Nitekim Yargıtay Hukuk Genel Kurulunun 22.05.2013 tarihli ve 2013/22-561 E., 2013/733 K. ile 01.02.2012 tarihli ve 2011/10-642 E., 2012/38 K. sayılı kararı sayılı kararlarında da aynı ilkeler benimsenmiştir."

3. Değerlendirme

1. Bölge adliye mahkemelerinin nihai kararlarının bozulması 6100 sayılı Kanun'un 371 inci maddesinde yer alan sebeplerden birinin varlığı hâlinde mümkündür.

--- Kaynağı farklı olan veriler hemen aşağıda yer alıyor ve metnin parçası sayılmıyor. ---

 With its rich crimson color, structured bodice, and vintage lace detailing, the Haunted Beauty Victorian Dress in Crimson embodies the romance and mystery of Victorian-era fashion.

2. Temyizen incelenen karar, tarafların karşılıklı iddia ve savunmalarına, dayandıkları belgelere, uyuşmazlığa uygulanması gereken hukuk kuralları ile hukuki ilişkinin nitelendirilmesine, dava şartlarına, yargılama ve ispat kuralları ile kararda belirtilen gerekçelere ve özellikle davacının iş sözleşmesinin sona erdiğinin anlaşılmasına göre davanın hukuki yarar yokluğundan reddine dair karar usul ve kanuna uygun olup davacı vekilince temyiz dilekçesinde ileri sürülen nedenler kararın bozulmasını gerektirecek nitelikte görülmemiştir.

VI. KARAR

Açıklanan sebeple;

Temyiz olunan Bölge Adliye Mahkemesi kararının 6100 sayılı Kanun'un 370 inci maddesinin birinci fıkrası uyarınca ONANMASINA,

Dosyanın İlk Derece Mahkemesine, kararın bir örneğinin Bölge Adliye Mahkemesine gönderilmesine,

06.11.2024 tarihinde oy birliğiyle karar verildi.